2. Toxizitäten von Zellinfusionen Potentielle Toxizitäten im Zusammenhang mit Treg-Infusionen werden gemäß Standardverfahren sorgfältig überwacht.

3. Klinische Daten

   Der Patient wird sorgfältig beobachtet und die folgenden klinischen Parameter werden aufgezeichnet:

   • Häufigkeit, Zeitpunkt und Schweregrad einer akuten GVHD nach DTI, ihre Behandlung und ihr Ergebnis;

   • Entwicklung der chronischen GVHD, ihre Behandlung und das Ergebnis. Genauer gesagt wird die chronische GVHD (einschließlich der aktuellen immunsuppressiven Therapie) für jedes Organ gemäß dem überarbeiteten NIH-Konsens bewertet:
   • Häufigkeit, Zeitpunkt und Schweregrad der sekundären Zytopenie, ihre Behandlung und das Ergebnis;
   • Häufigkeit, Zeitpunkt und Schweregrad von bakteriellen, viralen, Pilz- und Protozoeninfektionen
   • Dauer des Krankenhausaufenthalts, falls vorhanden;
   • Entwicklung der primären malignen Erkrankung: Ansprechen, falls nicht in CR zum Zeitpunkt des Einschlusses, Rückfall, seine Behandlung und Ergebnis;
   • Jede andere schwerwiegende Komplikation im Zusammenhang mit dem Transplantationsverfahren;
   • Tod und Überleben.
4. Immunologische Daten (durchgeführt im GIGA an der ULG für alle außer den Analysen des Methylierungsstatus von CpG-Dinukleotiden, die sich in einer konservierten Region von FoxP3-Intron 1 befinden, die an der UCL durchgeführt werden).

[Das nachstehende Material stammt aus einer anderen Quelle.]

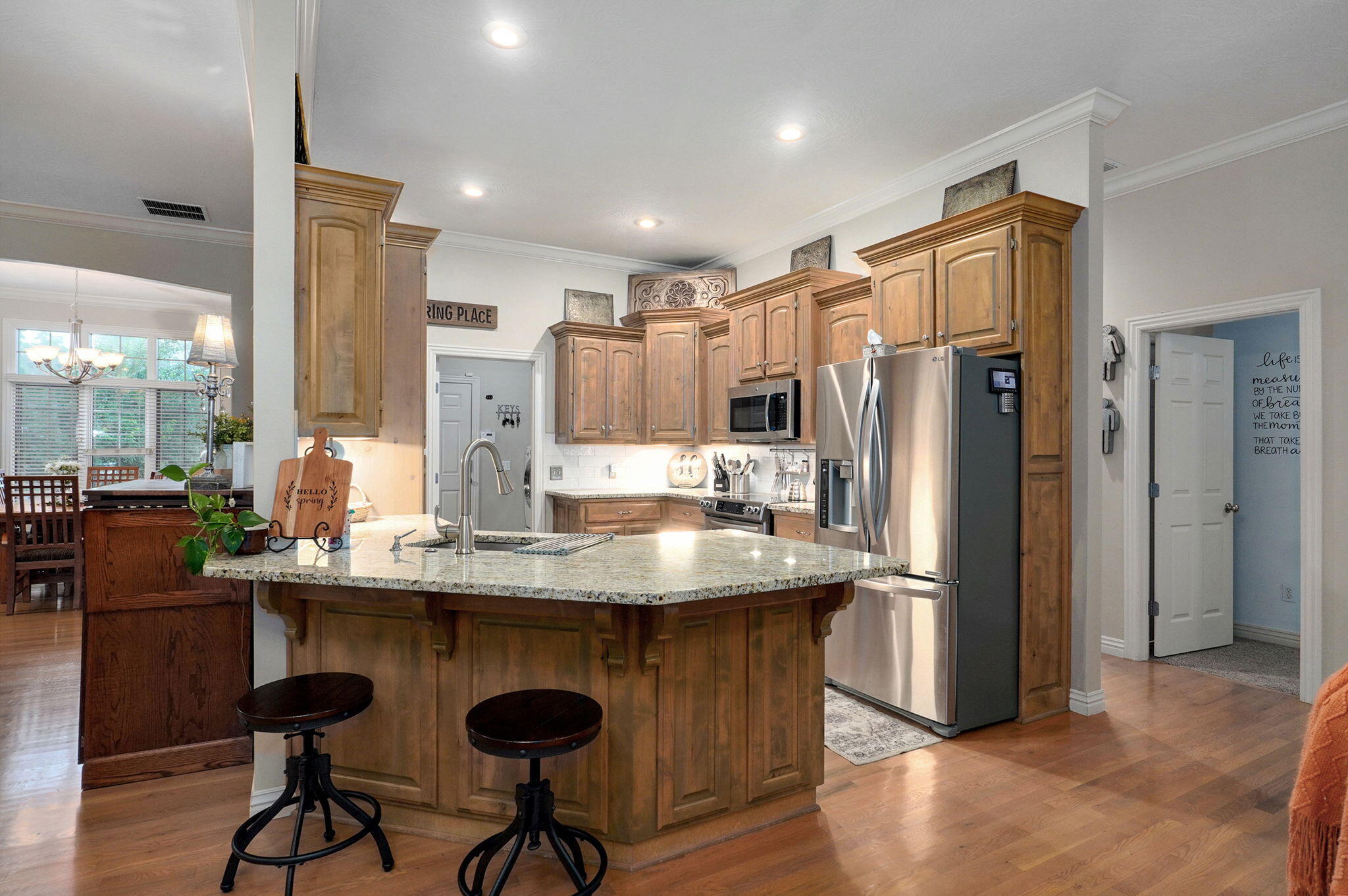 3806 W Vincent Drive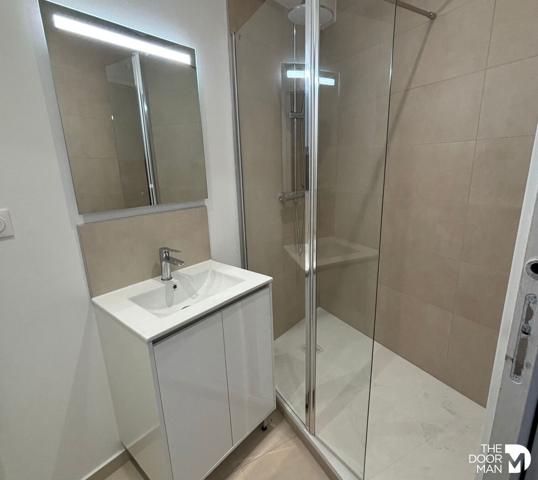 Appartement - À louer - 19 m² - DOURDAN | The Door Man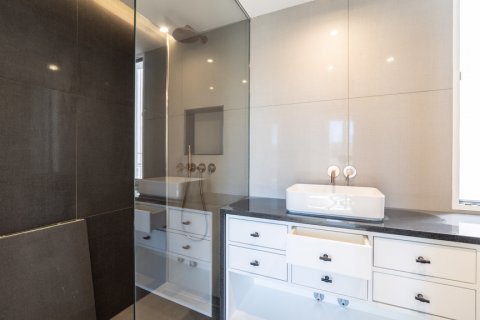 Apartment for rent Madrid, Spain 2 bedrooms, 110 sq.m. No. 117645 - photo 12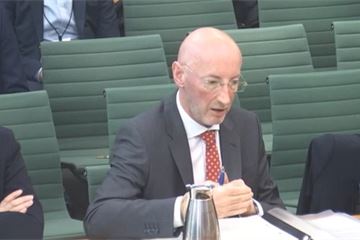 HMRC in pay 'crisis', admits perm sec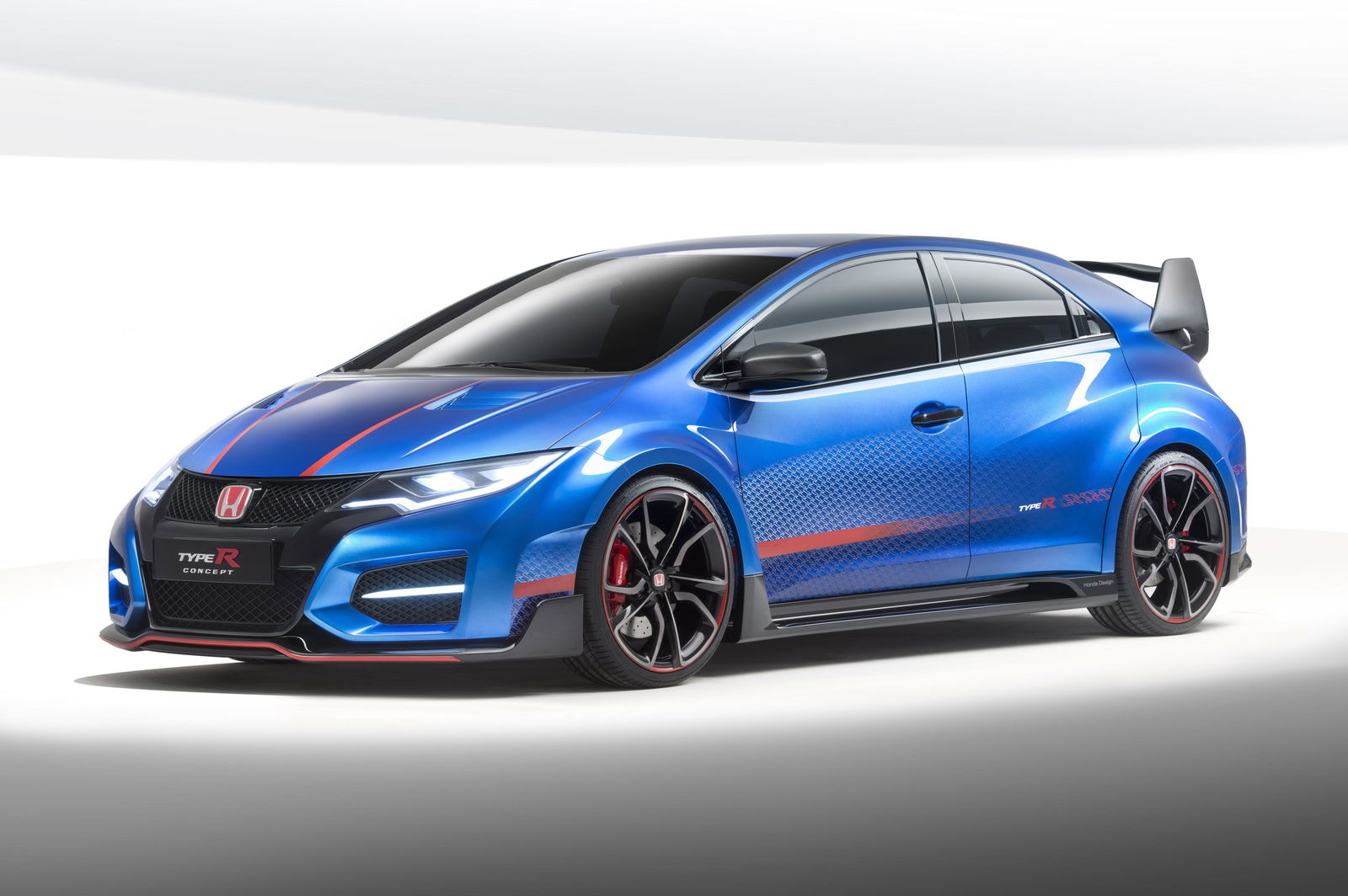 8 Things We Know About The 2018 Honda Civic Type R Right Now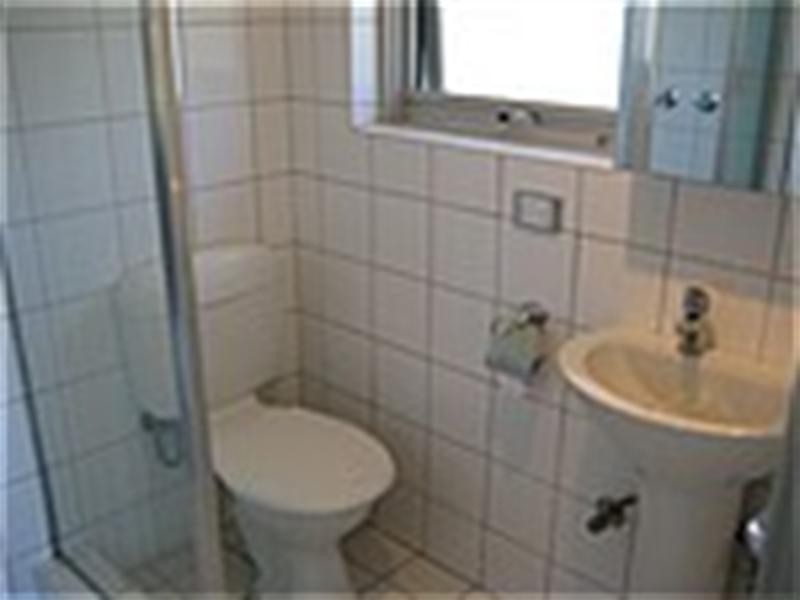 9/50 Lillimur Road, Ormond VIC 3204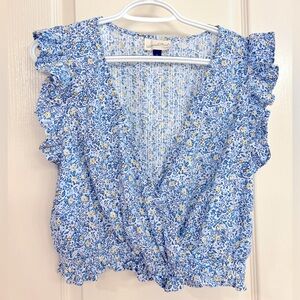 Universal Thread Blue Floral Flutter Sleeve Crop Wrap Top Blouse (Size L)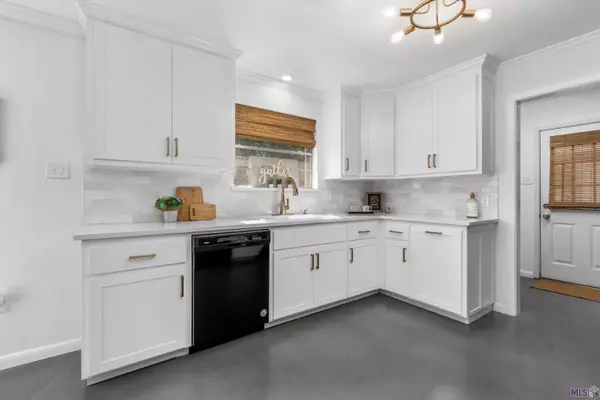 Baton Rouge, LA 70808,325 Seyburn Dr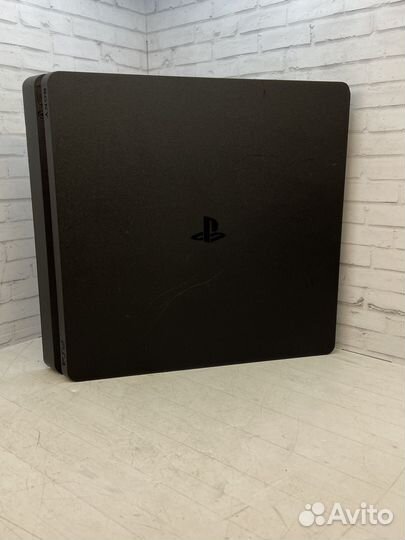 Sony PS4 slim с играми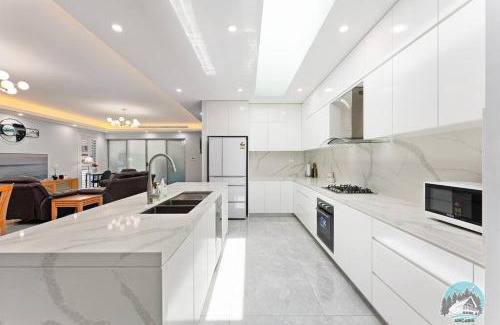 Fairfield Casa | Aircabin - Fairfield - Modern - 6 Bedrooms House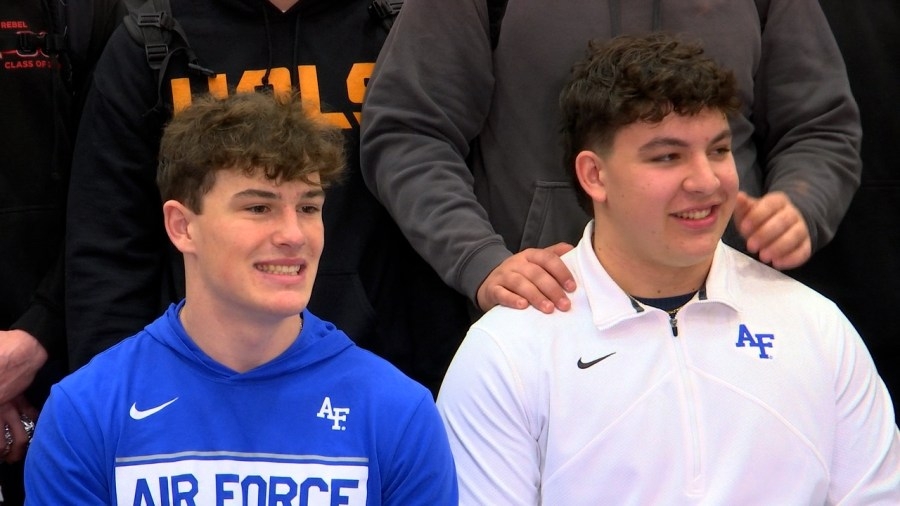 Maryville duo signs to Air Force football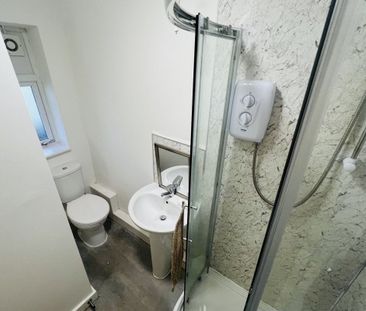 West Parade Flats - Photo 3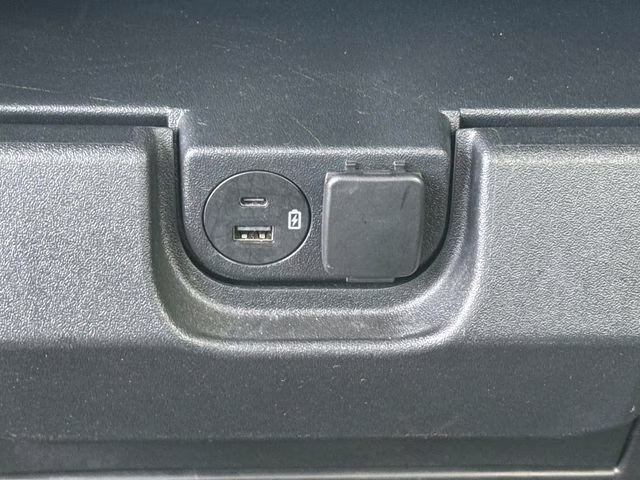 2023 Race Red Ford F-150 XLT RWD Truck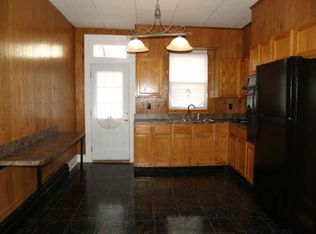 406 E 28th St, Baltimore, MD 21218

1) Immunerholung I (Durchflusszytometrie). Die folgenden Analysen werden durchgeführt (beginnend mit 5 ml Blut).

2) Immunerholung II. Isolierung von T-Zell-Untergruppen für Analysen der Repertoire-Diversität durch Next-Generation-Sequencing (NGS; ab 50 ml Blut). Die folgenden Teilmengen werden isoliert (jeweils ca. 50.000 Zellen) und dann kryokonserviert:

• CD4+ CD25+ regulatorische T-Zellen (naiv, aktiviert und Gedächtnis),
• CD4+ CD25- nicht-regulatorische T-Zellen (naiv/Gedächtnis) und
• CD8+ zytotoxische T-Zellen (naiv/Gedächtnis).